Other than for ten minutes on the Croatian coast a few weeks ago, I hadn’t seen the sea since Shetland in August. Fast forward on three months and another island, though it couldn’t be more different. Even off-season there is quite a large population, just under 30,000 with quite a few Northern European expats.
It won’t be a surprise that this lifestyle really doesn’t appeal to me. It’s very hard to find any old traditional villages here, or to find any areas that aren’t developed with the infrastructure summer tourists seem to crave. However I’m trying..
Early on Tuesday morning there were thunderstorms. Fresh water lying around attracts mosquitoes. Whereas there seem to be always a few around, there were many today, and they didn’t have much problem finding me.

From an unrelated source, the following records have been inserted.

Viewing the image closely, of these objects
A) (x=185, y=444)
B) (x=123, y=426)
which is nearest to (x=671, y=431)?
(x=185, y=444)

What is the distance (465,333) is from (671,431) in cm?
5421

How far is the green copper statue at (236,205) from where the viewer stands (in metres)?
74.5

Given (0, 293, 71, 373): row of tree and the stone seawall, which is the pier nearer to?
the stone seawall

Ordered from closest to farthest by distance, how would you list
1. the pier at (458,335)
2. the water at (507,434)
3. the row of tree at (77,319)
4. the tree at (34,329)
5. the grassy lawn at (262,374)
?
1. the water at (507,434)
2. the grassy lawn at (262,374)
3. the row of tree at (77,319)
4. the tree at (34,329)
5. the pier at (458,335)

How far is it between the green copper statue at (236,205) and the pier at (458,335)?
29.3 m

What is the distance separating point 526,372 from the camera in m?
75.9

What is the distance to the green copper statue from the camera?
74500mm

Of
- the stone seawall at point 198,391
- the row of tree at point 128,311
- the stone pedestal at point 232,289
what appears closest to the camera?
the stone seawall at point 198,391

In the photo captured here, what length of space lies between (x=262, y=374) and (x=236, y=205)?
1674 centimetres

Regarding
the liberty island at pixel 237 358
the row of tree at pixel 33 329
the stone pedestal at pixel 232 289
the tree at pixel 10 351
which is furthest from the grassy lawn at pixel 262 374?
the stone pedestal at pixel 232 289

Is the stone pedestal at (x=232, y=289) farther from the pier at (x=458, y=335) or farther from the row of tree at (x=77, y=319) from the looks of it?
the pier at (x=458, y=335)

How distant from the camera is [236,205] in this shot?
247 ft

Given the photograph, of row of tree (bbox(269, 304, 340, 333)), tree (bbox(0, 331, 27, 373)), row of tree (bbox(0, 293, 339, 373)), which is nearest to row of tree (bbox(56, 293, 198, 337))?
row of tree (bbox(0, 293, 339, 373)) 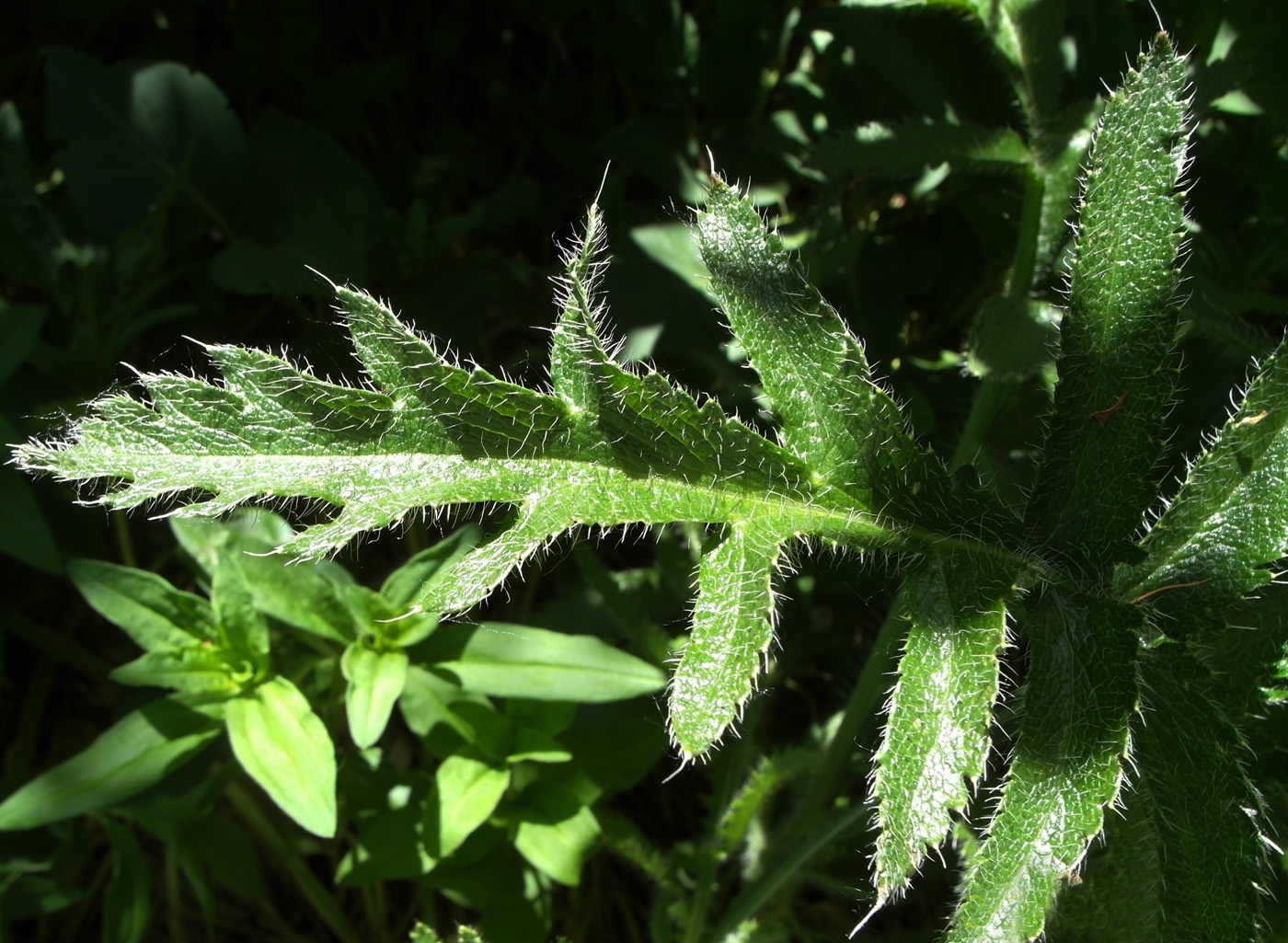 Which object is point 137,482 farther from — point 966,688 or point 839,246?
→ point 839,246

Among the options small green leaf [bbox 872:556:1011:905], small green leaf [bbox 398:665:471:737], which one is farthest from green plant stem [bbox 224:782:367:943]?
small green leaf [bbox 872:556:1011:905]

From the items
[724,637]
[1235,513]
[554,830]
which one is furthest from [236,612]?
[1235,513]

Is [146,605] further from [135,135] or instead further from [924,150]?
[924,150]

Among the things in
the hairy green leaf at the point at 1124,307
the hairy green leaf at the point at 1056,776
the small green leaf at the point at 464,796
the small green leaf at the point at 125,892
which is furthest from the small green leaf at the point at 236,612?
the hairy green leaf at the point at 1124,307

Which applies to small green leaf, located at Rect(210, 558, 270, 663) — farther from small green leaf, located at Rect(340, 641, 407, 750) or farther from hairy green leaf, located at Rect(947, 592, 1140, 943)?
hairy green leaf, located at Rect(947, 592, 1140, 943)

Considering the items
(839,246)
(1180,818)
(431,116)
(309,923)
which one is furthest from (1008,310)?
(309,923)

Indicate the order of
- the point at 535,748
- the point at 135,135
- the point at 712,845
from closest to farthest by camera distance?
the point at 535,748, the point at 712,845, the point at 135,135

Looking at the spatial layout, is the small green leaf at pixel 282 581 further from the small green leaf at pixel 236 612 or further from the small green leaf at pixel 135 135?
the small green leaf at pixel 135 135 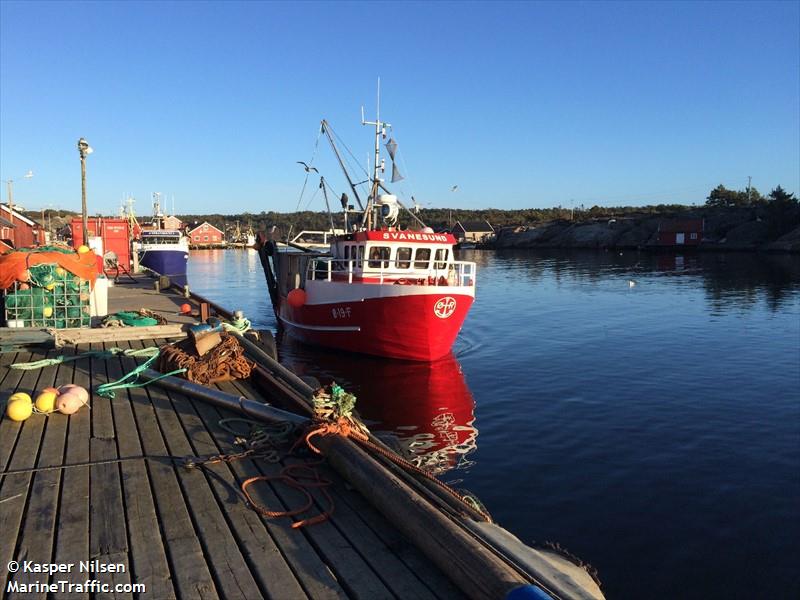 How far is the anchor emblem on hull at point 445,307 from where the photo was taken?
1515 centimetres

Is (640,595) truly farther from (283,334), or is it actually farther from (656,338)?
(283,334)

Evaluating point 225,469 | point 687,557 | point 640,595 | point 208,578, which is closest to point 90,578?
point 208,578

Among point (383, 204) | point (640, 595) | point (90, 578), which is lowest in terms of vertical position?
point (640, 595)

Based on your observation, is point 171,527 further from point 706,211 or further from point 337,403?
point 706,211

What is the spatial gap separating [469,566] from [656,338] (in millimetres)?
18881

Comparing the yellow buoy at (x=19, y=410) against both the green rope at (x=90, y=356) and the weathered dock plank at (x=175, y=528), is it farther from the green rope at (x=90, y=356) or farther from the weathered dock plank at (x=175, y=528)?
the green rope at (x=90, y=356)

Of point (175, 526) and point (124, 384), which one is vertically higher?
point (124, 384)

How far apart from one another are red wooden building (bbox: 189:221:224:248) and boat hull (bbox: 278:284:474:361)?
431 ft

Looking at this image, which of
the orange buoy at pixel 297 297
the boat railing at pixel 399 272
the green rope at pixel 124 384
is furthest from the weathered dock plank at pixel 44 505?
the orange buoy at pixel 297 297

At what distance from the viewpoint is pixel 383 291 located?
597 inches

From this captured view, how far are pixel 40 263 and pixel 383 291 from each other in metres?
7.51

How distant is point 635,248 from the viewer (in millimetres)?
93500

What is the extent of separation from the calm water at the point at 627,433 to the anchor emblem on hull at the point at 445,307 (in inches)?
60.2

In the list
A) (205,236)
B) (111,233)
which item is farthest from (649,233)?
(205,236) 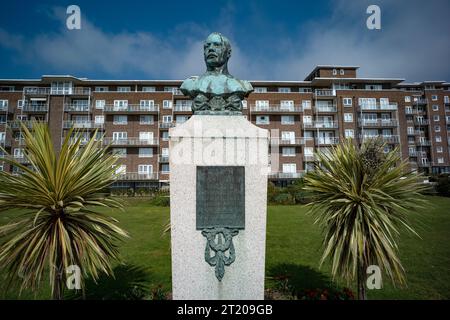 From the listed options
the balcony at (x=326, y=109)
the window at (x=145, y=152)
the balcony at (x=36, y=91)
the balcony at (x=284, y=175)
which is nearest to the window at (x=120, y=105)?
the window at (x=145, y=152)

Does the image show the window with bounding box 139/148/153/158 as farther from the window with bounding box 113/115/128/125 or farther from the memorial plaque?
the memorial plaque

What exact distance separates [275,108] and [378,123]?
57.1 ft

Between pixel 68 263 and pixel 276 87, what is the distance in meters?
51.1

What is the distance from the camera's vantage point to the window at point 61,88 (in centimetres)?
5019

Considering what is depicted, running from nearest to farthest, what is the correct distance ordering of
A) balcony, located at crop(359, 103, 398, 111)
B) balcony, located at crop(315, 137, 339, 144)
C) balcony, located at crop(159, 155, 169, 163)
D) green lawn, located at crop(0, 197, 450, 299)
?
green lawn, located at crop(0, 197, 450, 299)
balcony, located at crop(159, 155, 169, 163)
balcony, located at crop(315, 137, 339, 144)
balcony, located at crop(359, 103, 398, 111)

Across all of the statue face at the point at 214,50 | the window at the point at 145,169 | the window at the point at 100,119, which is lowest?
the statue face at the point at 214,50

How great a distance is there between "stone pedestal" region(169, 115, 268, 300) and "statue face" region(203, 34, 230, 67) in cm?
134

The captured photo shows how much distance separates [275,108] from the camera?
166 feet

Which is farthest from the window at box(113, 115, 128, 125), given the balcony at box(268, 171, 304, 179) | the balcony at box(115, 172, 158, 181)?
the balcony at box(268, 171, 304, 179)

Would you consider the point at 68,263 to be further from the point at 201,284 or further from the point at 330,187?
the point at 330,187

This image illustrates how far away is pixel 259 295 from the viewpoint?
5840 millimetres

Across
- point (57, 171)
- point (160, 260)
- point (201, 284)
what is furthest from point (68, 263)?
point (160, 260)

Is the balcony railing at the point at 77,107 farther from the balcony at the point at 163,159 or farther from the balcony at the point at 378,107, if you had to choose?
the balcony at the point at 378,107

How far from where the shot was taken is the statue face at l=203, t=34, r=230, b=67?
638 centimetres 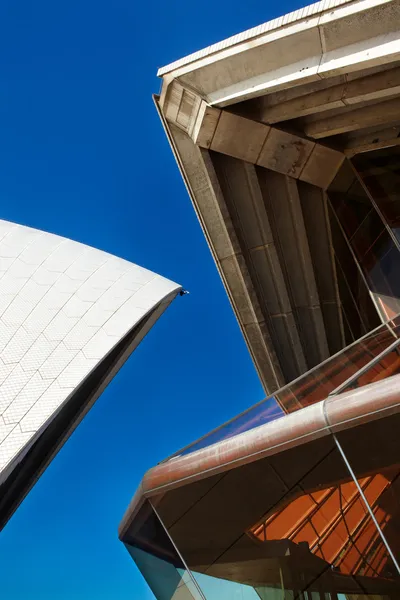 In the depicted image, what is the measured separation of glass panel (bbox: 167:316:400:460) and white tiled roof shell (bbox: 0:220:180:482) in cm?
507

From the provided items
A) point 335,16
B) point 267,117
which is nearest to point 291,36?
point 335,16

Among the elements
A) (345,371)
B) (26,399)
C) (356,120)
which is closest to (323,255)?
(356,120)

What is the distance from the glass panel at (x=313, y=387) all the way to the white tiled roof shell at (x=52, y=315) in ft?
16.6

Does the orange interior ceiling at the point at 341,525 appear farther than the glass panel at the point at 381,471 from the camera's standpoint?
Yes

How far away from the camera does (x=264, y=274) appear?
1135 centimetres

I think I wrote that they’re twenty cats around Monday evening, the families in the two caravans, that had now gone, having fed them. This morning I counted forty, could have been more, but not less. You can see things from their point of view, they need food, but when there are so many they become a problem. Any thought of a third day here, which I had originally considered, was defenestrated, we hurried to leave.



After a meander around the north of the island I ended up on Kathisma Beach, a mile-long beach where the wide boulevard that runs parallel attracts campervans and motorhomes, which are made welcome in the summer by the many bars and restaurants. At this time of year they are all closed, but there were still a few vans, mainly Germans. It was a mix of young families home-schooling, even though they told me it wasn’t legal to do it in Germany, and surfers. This is a week of unsettled weather though, another storm was blowing in, and the surfers were confined to their vans. It was a sociable place to stay, the weather turned out to be showery, so it was possible to get out periodically, though the night was one of strong wind.

This actually was a named Greek storm, I found out later, but another, much bigger one is coming in at the weekend I was informed.
Thursday morning we were off, after a coffee and an hour with an English woman who pulled in, in her van, just behind me. Though English, she lived, with her 12 year old autistic son who was travelling with her, in New Zealand. Following the pandemic, like a number of New Zealanders I have met, she took a year out from her to Europe and bought a van. She had had some pretty bad luck. Her van had broken down several times, and in the north of Greece, a pine tree fell on her van in a storm. Fortunately, the damage was only superficial. She was desperate to find other families, but had found very few. I think her son was struggling without much social interaction, as indeed she was.
We drove down to the south tip of the island along the west coast, the Ionian Sea. Mainly the road runs away and high up from a rugged coastline. At this time of year it is great to drive on, and would be even better to cycle on. Lesser roads snake down to the beaches below steeply.

I am at the far south, where the coastline is of cliffs, and a narrow peninsula that is Cape Lefkas, also called Cape Doukato. There’s a lighthouse here, and no houses for at least ten kilometres. I’ve seen just two other visitors, a Bulgarian couple, and a young English couple who live out here. It is in fact, quite surprisingly, a wild place.



The light was constructed in 1890, a copy of the Stevenson lighthouses that had been built throughout Scotland earlier in the century. Though it stopped functioning during World War II it began again in 1945. In 1950 it was destroyed by earthquake, but fully repaired six years later. The light operated by oil until 1986, until it was electrified. It was then automated in 1988. The old keeper accommodation isn’t currently used. Another to add to my collection, just a small one at present, of Scottish and Galician structures, but ever-growing..


The storms of the last couple of days have given way to a cloudless and warm day, up to about 24C. The view across the islands, to Cephalonia, Ithaca, and Zakynthos, and the Peloponnese behind them, was impressive.

I hadn’t planned on staying here. The car park at the lighthouse was sloping, and walled in so without a view, but a couple of kilometres back down the road was the prefect place.